**EXERCISE MATERIAL**
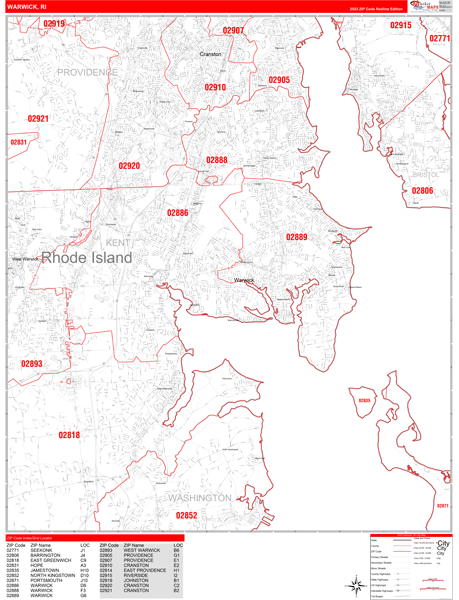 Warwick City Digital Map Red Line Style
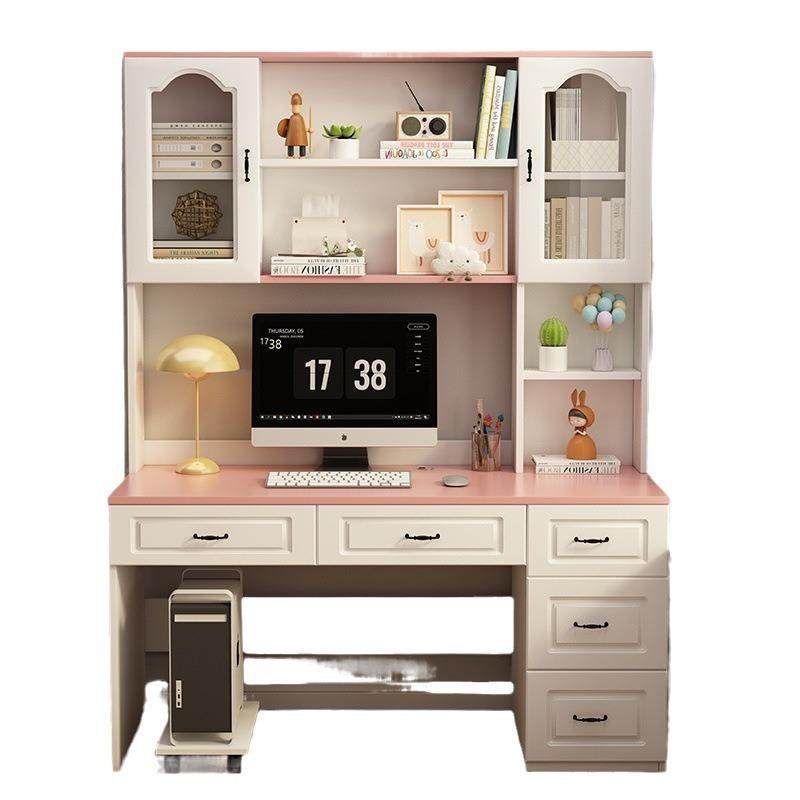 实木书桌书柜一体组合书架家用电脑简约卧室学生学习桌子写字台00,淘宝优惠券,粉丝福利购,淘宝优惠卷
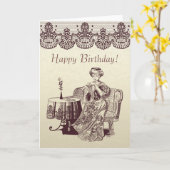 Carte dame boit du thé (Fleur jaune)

...

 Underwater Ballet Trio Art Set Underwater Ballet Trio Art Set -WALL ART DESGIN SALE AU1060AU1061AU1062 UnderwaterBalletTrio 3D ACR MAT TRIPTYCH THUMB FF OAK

--

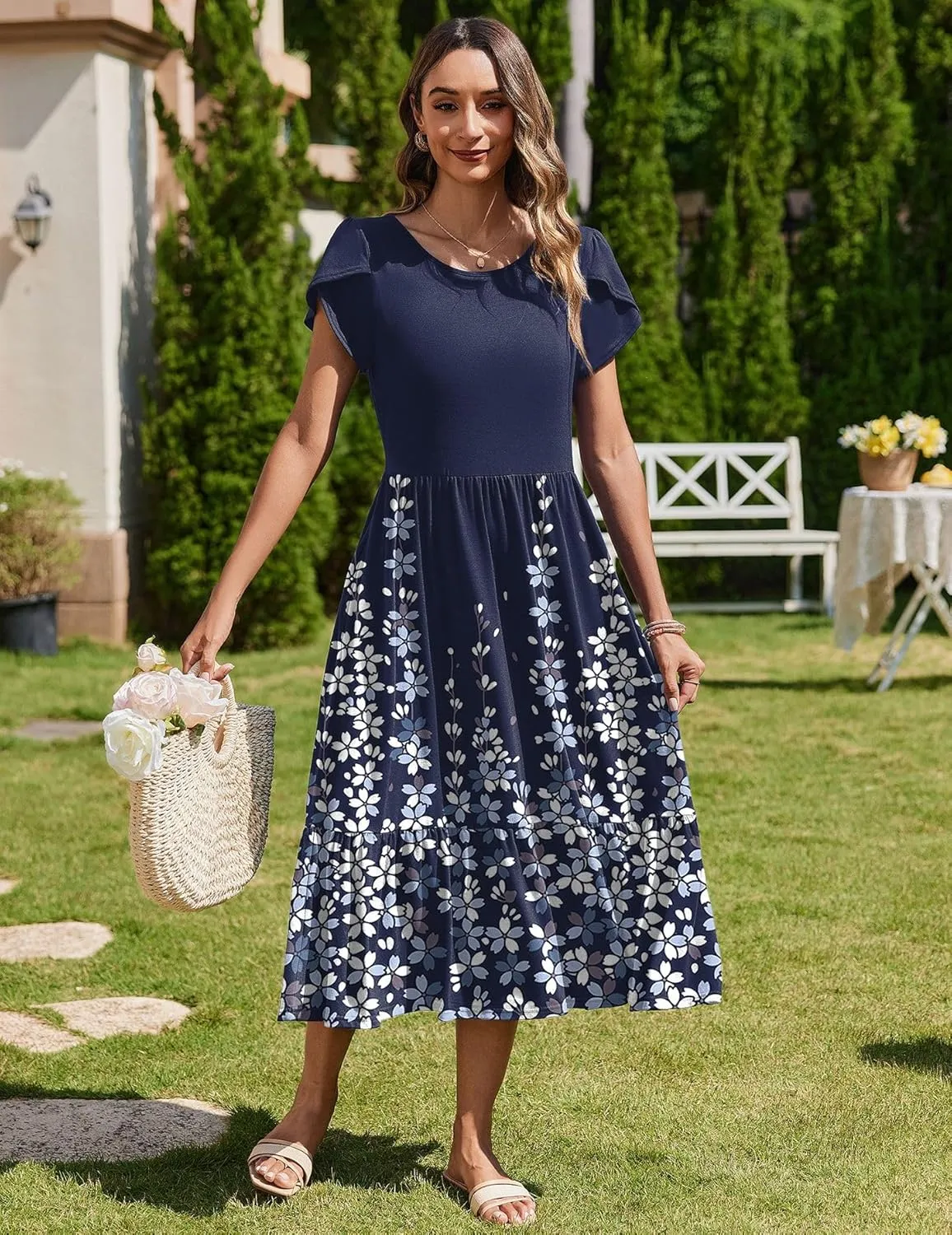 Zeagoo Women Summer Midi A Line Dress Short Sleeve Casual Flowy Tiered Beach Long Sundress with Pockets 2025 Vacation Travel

**BRIEF**
When you reach the line holding "实木书桌书柜一体组合书架家用" in the listing above, begin retyping exactly, and stop once the line holding "Carte dame boit du thé (Fleur jaune)" is done; pictures stay out.

**FINISHED EXERCISE**
 实木书桌书柜一体组合书架家用电脑简约卧室学生学习桌子写字台00,淘宝优惠券,粉丝福利购,淘宝优惠卷
 Carte dame boit du thé (Fleur jaune)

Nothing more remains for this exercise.